Transcribe the entries below exactly.

:: SUPPLIED ENTRIES ::

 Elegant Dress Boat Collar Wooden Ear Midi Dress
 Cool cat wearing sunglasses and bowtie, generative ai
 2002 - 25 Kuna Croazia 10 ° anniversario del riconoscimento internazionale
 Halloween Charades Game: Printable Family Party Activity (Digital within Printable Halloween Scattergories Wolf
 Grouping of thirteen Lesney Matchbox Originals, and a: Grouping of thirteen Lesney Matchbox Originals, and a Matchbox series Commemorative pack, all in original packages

:::

§ **RESULT OF THE EXERCISE**
 Elegant Dress Boat Collar Wooden Ear Midi Dress
 Cool cat wearing sunglasses and bowtie, generative ai
 2002 - 25 Kuna Croazia 10 ° anniversario del riconoscimento internazionale
 Halloween Charades Game: Printable Family Party Activity (Digital within Printable Halloween Scattergories Wolf
 Grouping of thirteen Lesney Matchbox Originals, and a: Grouping of thirteen Lesney Matchbox Originals, and a Matchbox series Commemorative pack, all in original packages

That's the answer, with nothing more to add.